Governo teme ação de Cunha para viabilizar impeachment

Governo se arma para conter ação de Cunha pelo impeachment


• Dilma pede a ministros que se preparem para reagir ao presidente da Câmara

Governo teme ação de Cunha para viabilizar impeachment


• Planalto avalia que deputado pode tentar deflagrar processo, mesmo depois de ser alvejado pela Lava Jato

Natuza Nery, Valdo Cruz – Folha de S. Paulo

Horas depois de concluir a reforma de seu ministério, que abriu espaço para o PMDB no governo na esperança de barrar os pedidos de impeachment contra ela, a presidente Dilma Rousseff mandou os auxiliares se prepararem para reagir se o presidente da Câmara, Eduardo Cunha (PMDB-RJ), se movimentar para deflagrar o processo.

Com a reforma ministerial anunciada sexta (2), Dilma entregou ao PMDB o controle de sete ministérios, incluindo as pastas da Saúde e da Ciência e Tecnologia, que serão dirigidas por deputados do baixo clero, alinhados a Cunha.

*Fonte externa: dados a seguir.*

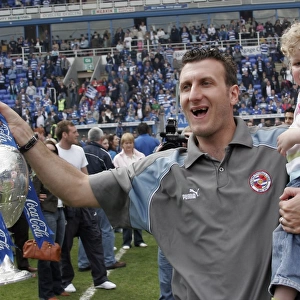 Glen Little celebrates with his son and trophy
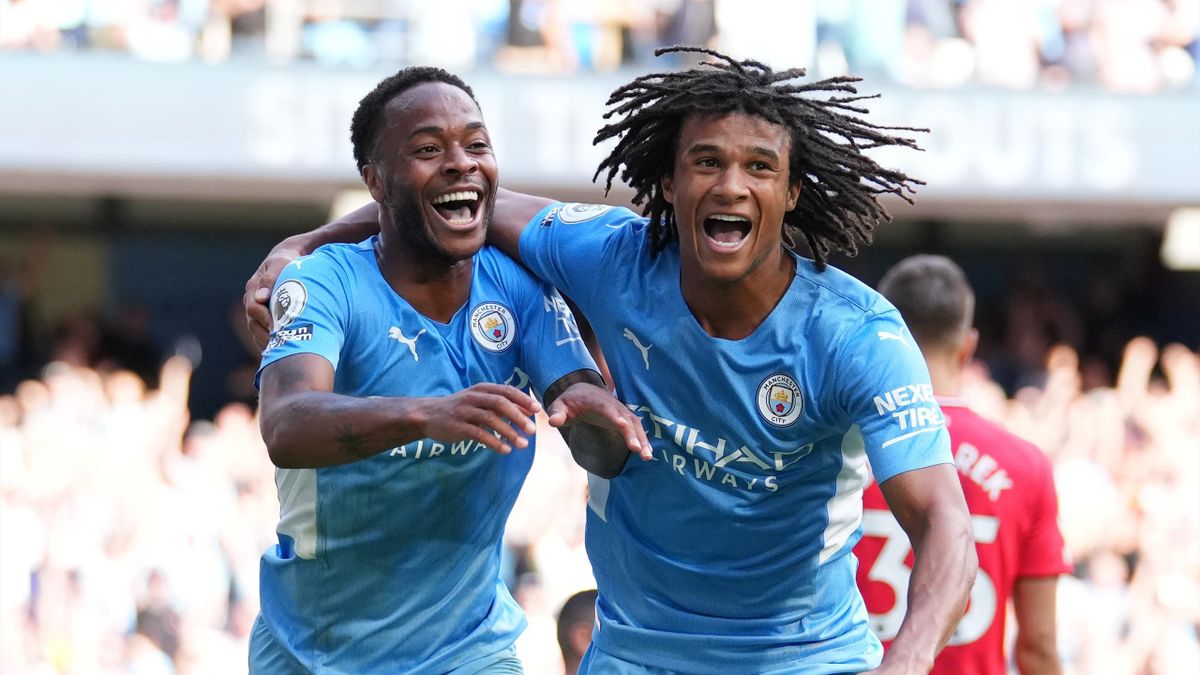 Raheem Sterling of Manchester City celebrates with teammate Nathan Ake after scoring a goal during the Premier League match between Manchester City and Southampton at Etihad Stadium.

Mesmo assim, o governo teme que o presidente da Câmara dê nas próximas semanas os passos necessários para pôr em marcha o impeachment, na tentativa de camuflar o desgaste que ele tem sofrido desde que se tornou alvo da Operação Lava Jato.

A Procuradoria-Geral da República denunciou Cunha ao Supremo Tribunal Federal por suspeita de corrupção, acusando-o de receber US$ 5 milhões em propina de fornecedores da Petrobras. O Supremo ainda não decidiu se aceitará a denúncia e abrirá processo contra o deputado. [denúncia pode ser feita por qualquer um: o que é necessário é que seja aceita e sendo aceita que seja provada.]

Na semana passada, o Ministério Público da Suíça informou que encontrou quatro contas bancárias controladas por Cunha e seus familiares, ampliando as suspeitas sobre ele. O deputado nega possuir contas no exterior. Na avaliação do Palácio do Planalto, as acusações contra Cunha tiram força do movimento pró-impeachment, mas os auxiliares de Dilma apostam que o deputado insistirá em deflagrar o processo, com o objetivo de criar uma cortina de fumaça que o ajude a se defender das denúncias.

Cabe ao presidente da Câmara decidir se um pedido de impeachment deve ou não ser analisado pelos deputados. Cunha recebeu 19 petições desde fevereiro e já engavetou 11 até a semana passada. O principal pedido, formulado pelo jurista Hélio Bicudo, que rompeu com o PT há alguns anos, e pelo ex-ministro da Justiça Miguel Reale Júnior, que trabalhou no governo Fernando Henrique Cardoso, continua em sua mesa.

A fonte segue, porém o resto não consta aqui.